If you’ve had your email address for a while like I have, then I’m sure you have run into the problem with SPAM. I hate SPAM, who actually likes it anyway? As long as you have that one idiot that falls for the scam in SPAM emails, there there will always be a problem with SPAM.

The only thing us mere mortals can do is filter it as best as possible and hope we didn’t delete your favorite cookie recipe from good ‘ole grandma. There are two types of SPAM filtering. The one thats done remotely on the mail server and the one thats done locally in your favorite email client. Personally, the more server side filtering, the better. I have found that an excellent SPAM fighting combination is using MimeDefang/SpamAssassin/Procmail on the host side to be awesome. That combination actually pretty much gets rid of the need to have email rules in my local email client.

These days, I hardly ever use a PC based email client. Most of my mail checking is done using OpenwebMail which allows me to check my email from any Internet accessible PC.

DISCLAIMER: I am by no means a Procmail guru. I just wanted to share with you all what I do to fight SPAM and be able to drink a beer here and there without having to waste my time sifting through yet another Viagra email.

At its most basic level, here is how it works for me:

  1. ‘Joe Blow’ sends me an email
  2. My mail server runs it through the kick ass combo of MimeDefang/SpamAssassin/Procmail
  3. If it passed all the crazy SPAM tests, then the mail is finally received (NOTE: doesnt mean that I will respond 😉 )

On my host, MimeDefang/SpamAssassin will add by default a “X-Spam-Score” header to all email messages (I know this because I am the one who installed and configured it. Its one of the small perks of working at a hosting company and being a loser geek). If the X-Spam-Score is above 5, then it will rewrite the subject of the original email and add “*****SPAM*****” followed by the original subject. This is advantages in two ways, you can either filter all emails by the “X-Spam-Score” header or by the “*****SPAM*****” in the subject. I do both just to be safe.

At this point MimeDefang/SpamAssassin is done with the email message and is now sending it to Procmail. I then have Procmail check to see if “*****SPAM*****” is in the subject, if its not, then I fall back and rely on the “X-Spam-Score” header. It might be a little redundant but I hate SPAM. (Did I mention that I hate SPAM? By the way, I hate SPAM!)

Without giving you my .procmailrc file, here is pretty much the order in which I filter SPAM once SpamAssassin hands off the email message to Procmail:

  1. I set all my stuff just how I like it, i.e. environment, path’s, and variables
  2. Emergency stop rule for my .procmailrc.

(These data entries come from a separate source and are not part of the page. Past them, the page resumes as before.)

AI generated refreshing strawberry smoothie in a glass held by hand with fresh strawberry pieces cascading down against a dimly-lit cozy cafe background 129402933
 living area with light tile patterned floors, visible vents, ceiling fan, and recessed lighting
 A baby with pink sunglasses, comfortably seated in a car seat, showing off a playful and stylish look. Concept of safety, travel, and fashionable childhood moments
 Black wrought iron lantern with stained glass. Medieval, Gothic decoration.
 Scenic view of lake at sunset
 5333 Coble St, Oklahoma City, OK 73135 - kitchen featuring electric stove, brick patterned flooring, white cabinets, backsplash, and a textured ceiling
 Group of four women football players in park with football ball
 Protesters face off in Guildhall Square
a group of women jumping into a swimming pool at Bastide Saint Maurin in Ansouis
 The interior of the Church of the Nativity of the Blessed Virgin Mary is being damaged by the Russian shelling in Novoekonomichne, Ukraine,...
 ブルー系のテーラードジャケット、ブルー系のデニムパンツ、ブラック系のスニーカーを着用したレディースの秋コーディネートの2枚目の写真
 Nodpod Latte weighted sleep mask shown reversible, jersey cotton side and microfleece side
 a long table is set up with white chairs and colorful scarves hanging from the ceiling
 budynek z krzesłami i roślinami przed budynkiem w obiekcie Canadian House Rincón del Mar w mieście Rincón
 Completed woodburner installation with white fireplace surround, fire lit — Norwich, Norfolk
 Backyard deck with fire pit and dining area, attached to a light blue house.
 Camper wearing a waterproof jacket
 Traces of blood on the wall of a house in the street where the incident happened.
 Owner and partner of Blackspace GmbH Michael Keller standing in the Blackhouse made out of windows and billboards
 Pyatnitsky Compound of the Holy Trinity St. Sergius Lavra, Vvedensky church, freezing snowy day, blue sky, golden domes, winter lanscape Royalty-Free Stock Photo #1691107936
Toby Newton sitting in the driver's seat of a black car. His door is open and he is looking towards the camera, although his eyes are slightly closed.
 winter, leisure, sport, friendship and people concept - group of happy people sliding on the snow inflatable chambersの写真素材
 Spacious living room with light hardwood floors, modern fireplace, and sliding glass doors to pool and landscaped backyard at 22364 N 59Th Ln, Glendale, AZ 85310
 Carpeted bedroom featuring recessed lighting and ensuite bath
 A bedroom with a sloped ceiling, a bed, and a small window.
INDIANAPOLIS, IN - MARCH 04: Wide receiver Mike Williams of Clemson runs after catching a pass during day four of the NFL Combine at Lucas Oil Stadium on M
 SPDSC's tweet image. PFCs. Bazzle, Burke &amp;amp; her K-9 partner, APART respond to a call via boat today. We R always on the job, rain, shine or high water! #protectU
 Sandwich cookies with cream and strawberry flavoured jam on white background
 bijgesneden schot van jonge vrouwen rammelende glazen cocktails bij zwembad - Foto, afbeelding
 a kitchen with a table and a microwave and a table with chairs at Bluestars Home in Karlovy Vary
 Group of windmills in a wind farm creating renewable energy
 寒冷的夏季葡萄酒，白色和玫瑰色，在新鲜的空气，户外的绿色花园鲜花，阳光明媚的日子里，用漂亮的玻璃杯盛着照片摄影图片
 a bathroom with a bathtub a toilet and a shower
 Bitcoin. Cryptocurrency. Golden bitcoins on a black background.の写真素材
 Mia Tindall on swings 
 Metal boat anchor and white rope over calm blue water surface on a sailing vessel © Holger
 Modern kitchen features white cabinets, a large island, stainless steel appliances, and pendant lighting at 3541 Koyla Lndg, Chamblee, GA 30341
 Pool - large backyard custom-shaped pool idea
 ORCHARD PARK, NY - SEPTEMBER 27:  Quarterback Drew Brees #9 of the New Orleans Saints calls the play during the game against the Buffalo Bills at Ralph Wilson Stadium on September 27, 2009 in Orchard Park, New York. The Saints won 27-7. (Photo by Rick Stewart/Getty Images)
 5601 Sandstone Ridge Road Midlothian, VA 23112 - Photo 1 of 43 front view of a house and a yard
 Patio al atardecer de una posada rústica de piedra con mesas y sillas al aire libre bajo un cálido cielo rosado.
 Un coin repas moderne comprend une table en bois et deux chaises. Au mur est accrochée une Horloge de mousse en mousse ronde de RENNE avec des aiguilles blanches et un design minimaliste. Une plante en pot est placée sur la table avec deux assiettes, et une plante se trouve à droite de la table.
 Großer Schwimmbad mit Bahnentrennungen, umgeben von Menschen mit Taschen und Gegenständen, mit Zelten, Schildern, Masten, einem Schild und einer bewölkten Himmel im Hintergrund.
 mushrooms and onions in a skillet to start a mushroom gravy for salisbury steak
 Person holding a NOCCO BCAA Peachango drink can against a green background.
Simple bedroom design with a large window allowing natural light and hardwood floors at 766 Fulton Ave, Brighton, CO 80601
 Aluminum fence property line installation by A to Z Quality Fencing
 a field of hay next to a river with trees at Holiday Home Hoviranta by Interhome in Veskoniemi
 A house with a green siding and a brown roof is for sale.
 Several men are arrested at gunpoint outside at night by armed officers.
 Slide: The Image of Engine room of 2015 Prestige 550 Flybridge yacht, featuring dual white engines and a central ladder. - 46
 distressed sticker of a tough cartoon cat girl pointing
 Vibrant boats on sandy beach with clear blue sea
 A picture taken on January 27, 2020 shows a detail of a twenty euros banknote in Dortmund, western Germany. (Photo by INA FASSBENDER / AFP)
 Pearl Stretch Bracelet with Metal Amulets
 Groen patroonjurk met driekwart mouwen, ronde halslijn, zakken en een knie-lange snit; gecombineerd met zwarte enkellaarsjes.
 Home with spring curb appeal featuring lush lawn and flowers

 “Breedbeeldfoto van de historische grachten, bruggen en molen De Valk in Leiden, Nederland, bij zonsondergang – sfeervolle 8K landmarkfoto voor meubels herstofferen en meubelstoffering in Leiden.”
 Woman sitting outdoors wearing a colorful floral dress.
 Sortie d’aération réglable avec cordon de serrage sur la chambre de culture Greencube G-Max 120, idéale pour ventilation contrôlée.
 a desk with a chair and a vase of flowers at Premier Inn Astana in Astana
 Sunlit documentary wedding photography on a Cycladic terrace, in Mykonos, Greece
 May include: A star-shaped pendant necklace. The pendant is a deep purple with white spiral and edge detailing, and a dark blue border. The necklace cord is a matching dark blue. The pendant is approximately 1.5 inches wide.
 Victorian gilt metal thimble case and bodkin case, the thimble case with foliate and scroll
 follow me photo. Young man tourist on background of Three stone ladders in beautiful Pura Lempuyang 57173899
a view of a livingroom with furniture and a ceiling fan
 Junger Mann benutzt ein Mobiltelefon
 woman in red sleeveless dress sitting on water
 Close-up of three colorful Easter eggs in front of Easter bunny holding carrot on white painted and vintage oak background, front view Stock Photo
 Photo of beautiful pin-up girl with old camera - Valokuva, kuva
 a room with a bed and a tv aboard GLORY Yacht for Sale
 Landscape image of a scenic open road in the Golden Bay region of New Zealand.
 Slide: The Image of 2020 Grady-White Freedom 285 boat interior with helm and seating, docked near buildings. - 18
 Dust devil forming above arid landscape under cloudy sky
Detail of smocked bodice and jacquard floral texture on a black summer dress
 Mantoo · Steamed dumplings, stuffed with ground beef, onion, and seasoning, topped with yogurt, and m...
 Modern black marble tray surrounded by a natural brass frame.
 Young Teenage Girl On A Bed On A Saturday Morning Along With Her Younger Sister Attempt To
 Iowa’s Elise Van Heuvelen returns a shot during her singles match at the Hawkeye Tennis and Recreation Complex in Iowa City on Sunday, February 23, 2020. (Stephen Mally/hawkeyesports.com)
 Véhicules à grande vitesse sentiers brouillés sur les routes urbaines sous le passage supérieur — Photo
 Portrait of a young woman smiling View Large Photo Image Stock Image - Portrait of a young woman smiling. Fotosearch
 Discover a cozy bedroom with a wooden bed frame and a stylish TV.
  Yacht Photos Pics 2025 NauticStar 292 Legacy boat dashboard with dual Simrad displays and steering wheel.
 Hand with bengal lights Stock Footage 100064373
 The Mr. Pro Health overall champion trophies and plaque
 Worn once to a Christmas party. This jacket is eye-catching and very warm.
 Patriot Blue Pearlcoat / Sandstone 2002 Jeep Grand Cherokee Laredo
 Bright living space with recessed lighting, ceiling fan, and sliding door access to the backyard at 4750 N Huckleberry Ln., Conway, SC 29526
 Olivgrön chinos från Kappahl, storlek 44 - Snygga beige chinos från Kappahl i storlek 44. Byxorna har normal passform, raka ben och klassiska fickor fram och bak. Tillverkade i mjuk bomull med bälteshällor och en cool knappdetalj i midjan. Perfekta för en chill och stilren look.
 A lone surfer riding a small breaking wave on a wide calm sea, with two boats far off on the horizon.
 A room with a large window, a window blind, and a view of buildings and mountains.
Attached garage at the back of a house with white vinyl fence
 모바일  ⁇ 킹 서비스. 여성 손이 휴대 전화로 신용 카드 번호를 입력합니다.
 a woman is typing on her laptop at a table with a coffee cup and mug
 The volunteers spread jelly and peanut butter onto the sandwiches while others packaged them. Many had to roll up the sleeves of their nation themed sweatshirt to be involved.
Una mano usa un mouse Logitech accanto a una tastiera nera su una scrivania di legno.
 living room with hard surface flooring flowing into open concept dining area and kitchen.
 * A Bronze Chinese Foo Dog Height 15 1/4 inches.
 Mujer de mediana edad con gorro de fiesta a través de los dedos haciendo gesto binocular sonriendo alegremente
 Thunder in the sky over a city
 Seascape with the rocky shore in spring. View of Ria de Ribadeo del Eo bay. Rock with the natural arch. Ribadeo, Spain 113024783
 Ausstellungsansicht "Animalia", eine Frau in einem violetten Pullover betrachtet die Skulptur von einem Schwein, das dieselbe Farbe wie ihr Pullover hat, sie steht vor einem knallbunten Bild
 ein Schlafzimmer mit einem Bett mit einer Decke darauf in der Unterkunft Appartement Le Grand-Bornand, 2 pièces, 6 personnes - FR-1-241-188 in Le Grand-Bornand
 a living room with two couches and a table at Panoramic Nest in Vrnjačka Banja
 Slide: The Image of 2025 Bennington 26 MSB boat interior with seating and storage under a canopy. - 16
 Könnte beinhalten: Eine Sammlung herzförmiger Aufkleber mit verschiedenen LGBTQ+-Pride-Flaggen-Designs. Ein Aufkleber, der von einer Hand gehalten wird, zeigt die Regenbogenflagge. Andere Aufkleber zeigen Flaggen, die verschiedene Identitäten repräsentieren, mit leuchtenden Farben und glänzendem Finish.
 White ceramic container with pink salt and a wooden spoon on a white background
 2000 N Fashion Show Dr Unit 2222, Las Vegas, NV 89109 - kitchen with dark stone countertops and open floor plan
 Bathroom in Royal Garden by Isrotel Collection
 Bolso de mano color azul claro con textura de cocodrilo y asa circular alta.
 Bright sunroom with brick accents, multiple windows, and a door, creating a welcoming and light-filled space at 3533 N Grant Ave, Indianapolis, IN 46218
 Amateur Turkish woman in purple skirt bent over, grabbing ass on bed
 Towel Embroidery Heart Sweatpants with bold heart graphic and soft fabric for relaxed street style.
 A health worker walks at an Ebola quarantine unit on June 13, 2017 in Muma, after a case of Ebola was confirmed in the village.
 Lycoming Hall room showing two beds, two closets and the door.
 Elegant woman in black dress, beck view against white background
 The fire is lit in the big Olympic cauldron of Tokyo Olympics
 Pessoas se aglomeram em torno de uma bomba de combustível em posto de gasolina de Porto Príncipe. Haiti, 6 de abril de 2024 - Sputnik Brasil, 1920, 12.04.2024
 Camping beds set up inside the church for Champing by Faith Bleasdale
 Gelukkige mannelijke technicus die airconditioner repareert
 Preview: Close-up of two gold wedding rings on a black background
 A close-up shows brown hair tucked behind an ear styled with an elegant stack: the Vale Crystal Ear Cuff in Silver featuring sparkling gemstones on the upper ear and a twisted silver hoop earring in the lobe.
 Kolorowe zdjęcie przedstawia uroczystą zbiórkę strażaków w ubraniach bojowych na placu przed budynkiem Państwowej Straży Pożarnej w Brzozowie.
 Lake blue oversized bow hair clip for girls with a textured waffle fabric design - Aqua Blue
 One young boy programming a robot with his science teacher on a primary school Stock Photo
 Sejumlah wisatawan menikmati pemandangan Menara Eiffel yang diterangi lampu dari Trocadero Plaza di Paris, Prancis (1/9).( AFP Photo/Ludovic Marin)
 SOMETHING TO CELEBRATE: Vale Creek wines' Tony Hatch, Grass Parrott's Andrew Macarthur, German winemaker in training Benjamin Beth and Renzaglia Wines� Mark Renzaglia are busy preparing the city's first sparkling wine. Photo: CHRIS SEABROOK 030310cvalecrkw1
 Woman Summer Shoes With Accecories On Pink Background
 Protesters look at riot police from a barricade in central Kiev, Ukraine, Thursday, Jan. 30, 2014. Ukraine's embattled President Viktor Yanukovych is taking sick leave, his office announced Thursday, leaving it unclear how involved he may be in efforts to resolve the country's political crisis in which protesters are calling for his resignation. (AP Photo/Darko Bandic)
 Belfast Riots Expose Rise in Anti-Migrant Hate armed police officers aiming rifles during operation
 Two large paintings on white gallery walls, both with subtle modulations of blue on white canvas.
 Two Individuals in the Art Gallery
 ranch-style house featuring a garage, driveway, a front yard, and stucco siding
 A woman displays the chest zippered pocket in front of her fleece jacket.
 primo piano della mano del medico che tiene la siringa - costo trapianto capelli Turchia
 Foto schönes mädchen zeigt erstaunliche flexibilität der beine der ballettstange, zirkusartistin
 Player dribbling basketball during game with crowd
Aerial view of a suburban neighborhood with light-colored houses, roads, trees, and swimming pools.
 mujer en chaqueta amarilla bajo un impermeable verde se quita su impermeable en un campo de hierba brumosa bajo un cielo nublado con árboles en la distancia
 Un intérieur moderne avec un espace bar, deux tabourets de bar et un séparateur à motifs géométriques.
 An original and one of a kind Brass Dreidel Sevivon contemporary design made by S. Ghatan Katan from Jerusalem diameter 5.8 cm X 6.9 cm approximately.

Comes in handy when you effen mess up a procmail recipe and mail no longer works
  3. A white list recipe that accepts all mail from the mofo’s I have listed in that file even if its dumb SPAM… 🙁
  4. A blacklist recipe that works the opposite of the white list recipe, blocks everyone on that list.
  5. If the email does not have a “Message-Id” or a “To:” its gone. This test reliably kills half my SPAM in one shot
  6. If X-Spam-Score is 5 or higher (MimeDefang/SpamAssassin’s doing)
  7. I filter secret subjects that my blog is configured to send with. I didn’t want to filter using “From:” since the email comes from the user apache runs as. In my case its [email protected]
  8. Last but not least, I run it through Procmails built in variable “TO_”.
  9. If your mail has made it this far, then I will probably get the email and will most likely get paged on my cell phone. Again, doesnt mean I will actually respond!

It goes without saying that when testing your Procmail recipes, logging is your friend. It can save you countless hours of debugging. Been there done that and its not fun.

I would post my .procmailrc file but its customized specifically for my environment and host. If you want it and I know you, I will send it to you. Or you can spend some time Google’ing it!

If you dont have MimeDefang/SpamAssassin/Procmail at your mail host then I would certainly look for another hosting provider. But that is just me since I like to have the full power of a Linux shell at my disposal. Of course, once you have and use the combination I use, it will initially require tons of tweaking to get it “just right” but its well worth it. Oh yeah, shell access to your host and a little knowledge of the Linux command line definitely couldn’t hurt either.

“I will use before asking STUPID questions!!!”